Manage storage repair in Azure Stack HCI

Completed

With all the relevant configuration settings in place, you now want to focus on the operational aspects of managing Azure Stack HCI drives. Although you are confident that you've successfully optimized storage performance, capacity, and resiliency, you realize that downtime from hardware failures and maintenance events is unavoidable. To properly prepare for failure and maintenance downtime, you need to determine how Azure Stack HCI handles the storage repair process.

Describe storage repair in Azure Stack HCI

In addition to the resiliency provisions presented earlier in this module, Storage Spaces Direct includes self-healing capabilities that simplify its maintenance considerably. However, before you focus on maintenance considerations, it's helpful to first explore the purpose and significance of the Health Service.

The Health Service continuously monitors the cluster and its components for issues. When it detects issues, it analyzes their characteristics, assesses their impact, and identifies steps to resolve them. It then records the outcome in the form of faults.
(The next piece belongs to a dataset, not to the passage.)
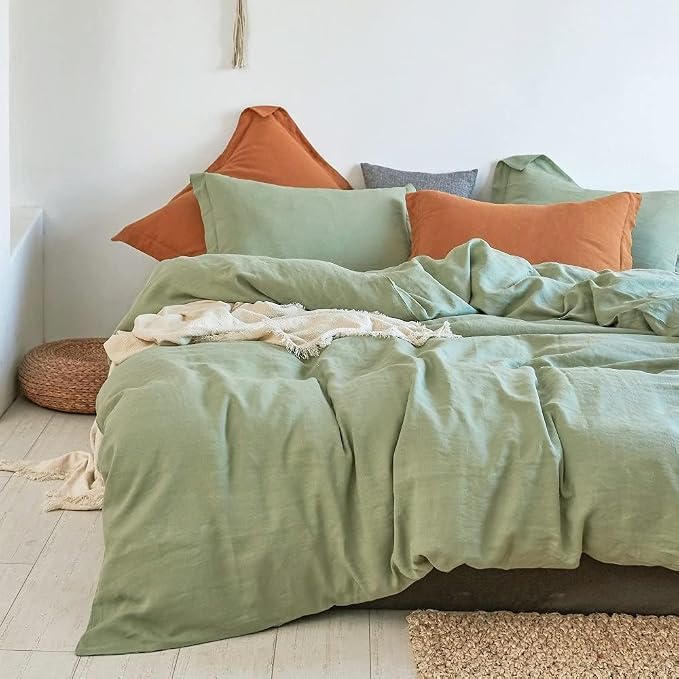Simple&Opulence 100% Linen Duvet Cover Set 2pcs Natural French Basic Style Washed Flax Solid Color Breathable Soft Farmhouse Bedding with Button Closure (Sage Green, Twin)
Each fault includes the following information:

  • The severity of the impact

  • A description of the issue

  • Recommended steps to resolve the issue

  • Identifying information for the faulting entity

  • The physical location of the faulting entity

Whenever possible, Health Service uses information it collects to remediate the underlying issue and restore the cluster and its components to their original operational status state. This remediation takes the form of actions.

Health Service relies on actions to automate and streamline a number of disk lifecycle events, including:

  • Retiring the disk. The Health Service automatically retires disks in response to faults affecting their availability or performance, including:

    • Media failure. This is applicable to any disk that experiences physical failure.
    • Lost communication. This is applicable to any disk that that isn’t accessible for more than 15 minutes.
    • Unresponsiveness. This is applicable to any disk for which latency of individual reads or writes increases to more than five seconds at least three times within an hour.

    Note

    Disk retirement doesn't apply in cases where a failure simultaneously affects multiple disks, an entire node, or a storage enclosure.

  • Restoring resiliency. After a disk is designated as retired, Health Service automatically rebalances data distribution to the remaining disks to reinstate full resiliency.

  • Activating a disk indicator light. Health Service automatically triggers the indicator light on a disk following its retirement.

  • Disk pooling. When a replacement disk is available, Health Service automatically adds it to the storage pool and rebalances data distribution accordingly.

  • Fault reporting. After the data distribution completes, Health Service automatically resolves the fault and updates the Storage Spaces Direct health status.

In this sequence of events, your only responsibility is replacing a failed disk or disks. Because disks are hot-swappable, this is an online operation.

You should leave some unallocated capacity in the storage pool to benefit from the automatic storage repair process that occurs following drive failures. Storage Spaces Direct triggers this process if there's sufficient disk space in the pool. To optimize disk space usage, consider setting aside the equivalent of one capacity drive per server, up to four drives per server.

Note

In clusters with drives of all three types (NVMe, SSD, and HDD), you should reserve the equivalent of one SSD drive plus one HDD drive per server, up to four drives of each.

Note

Storage repair occurs in response to drive failures in addition to following standard maintenance tasks such as reboots of individual cluster nodes or temporary downtime resulting from a patch deployment.

Describe storage repair speed settings in Azure Stack HCI

Automatic storage repair utilizes storage resources, so it could interfere with active workloads. As an Azure Stack HCI administrator, you can control the degree of this interference. If active workload performance is your key priority, you can allocate more resources to them, effectively extending the period during which the cluster operates in a reduced resiliency state. Conversely, if your primary objective is to accelerate restoring full cluster resiliency, you can increase the repair process priority provided you're willing to accept a higher risk of negatively affecting the active workloads.

The storage repair speed is configurable by using the following settings:

Setting Queue depth Resource allocation
Very low 1 Prioritizes active workloads, resulting in a longer repair period.
Low 2 Favors active workloads.
Medium 4 Balances active workloads and recovery speed (default).
High 8 Favors recovery speed.
Very high 16 Prioritizes recovery speed.

Manage storage repair speed settings in Azure Stack HCI

To change the repair speed settings, you can use Windows Admin Center or the 'Set-StorageSubSystem' PowerShell cmdlet.

The storage repair speed is setting on the Storage Spaces and pools page in the Windows Admin Center. You can select one of the storage repair speeds listed in the previous table.

Screenshot of the Storage Spaces and pools page with the medium option being selected for storage repair speed.

When using PowerShell, you reference the queue depth value by using the -**VirtualDiskRepairQueueDepth parameter of the 'Set-StorageSubSystem' cmdlet.

Important

The total storage capacity per server shouldn't exceed 400 TB. The more storage capacity per server, the longer the time required to complete the repair process after downtime or rebooting, such as when applying software updates.